8424da3c-0a63-4d41-8399-4ebc883c6d78

Kebudayaan Pancasila, Kebudayaan Rakyat

Bangsa kita dikenal dengan bangsa yang memiliki kekayaan budaya. Beragam budaya dapat kita temukan dari ujung Sabang hingga Merauke, namun dengan kekayaan budaya tersebut, mengapa bangsa kita masih mundur? Bahkan kalah oleh kebudayaan barat yang dengan keunggulannya telah mampu mengambil sebagian besar kehidupan sosial di bangsa kita saat ini. Persoalan demikian harus kita telisik pada sejarah perkembangan kebudayaan kita. Penelusuran tersebut sangat diperlukan agar kita dapat mengetahui batu hambatan kemajuan budaya kita serta dapat menyusun strategi kebudayaan yang cocok untuk kondisi bangsa saat ini.

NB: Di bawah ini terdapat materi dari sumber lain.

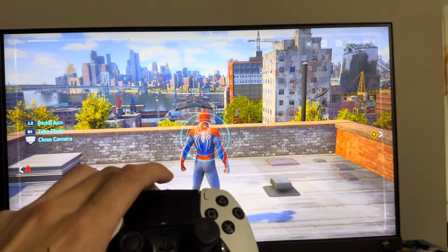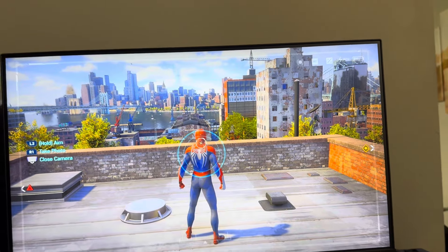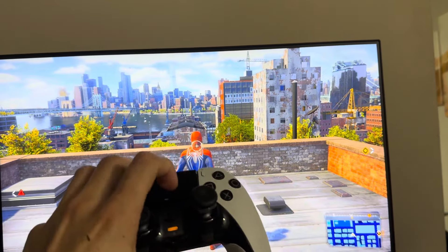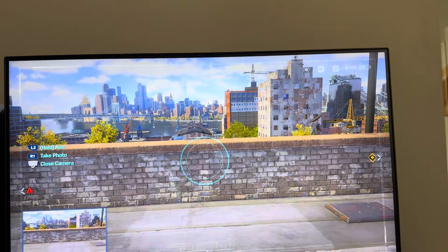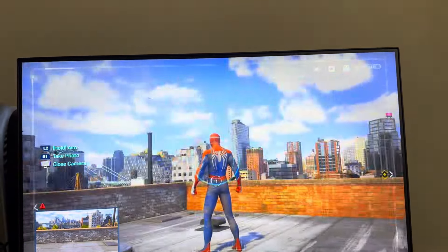So there's actually two ways. You guys can swipe up on the touchpad like that. You can swipe down to close, but you swipe up and you guys can hold the L2 button and then press the R1 button to take a picture.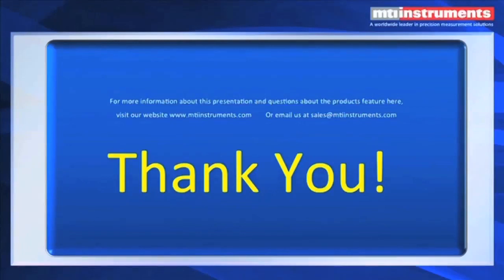We'd certainly like to say thanks to all of our attendees for spending some time with us today. To find out more information about capacitance displacement measurements, please visit us at mtiinstruments.com.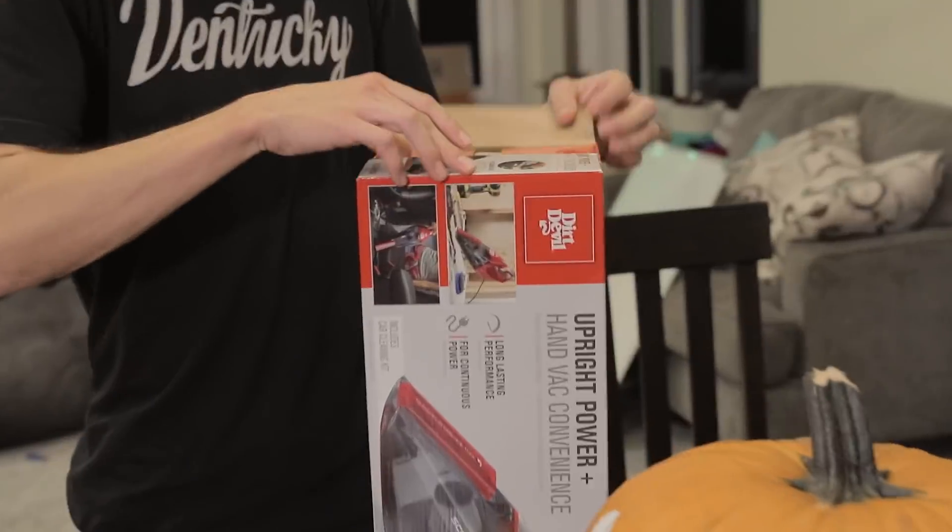Here are our other ingredients: spin controller, motor, propeller, and a vacuum cleaner. This isn't the cheapest vacuum we could find because I didn't want it to suck.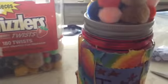I glued down the loose end of my gold trim. And now I'm going to add some ribbon to the top of this to finish it off.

Buku karya S. Mangunsarkoro yang berjudul Kebudayaan Rakjat (Usaha Penerbitan Indonesia, Jogja ; 1951) bisa menjadi salah satu referensi bagi kita untuk menelaah perjalanan kebudayaan kita. Judul buku yang digunakan yakni kebudayaan rakyat memuat inti yang hendak disampaikan oleh pengarang melalui buku ini secara garis besar ada dua hal yakni pertama bahwa penegasan dan cita-cita bahwa pencipta kebudayaan adalah rakyat bahwasannya kebudayaan itu terbentuk dari proses dialektik masyarakat, serta kedua memiliki muatan kritik terhadap sejarah perjalanan kebudayaan kita yang menjadi monopoli segelintir golongan masyarakat saja.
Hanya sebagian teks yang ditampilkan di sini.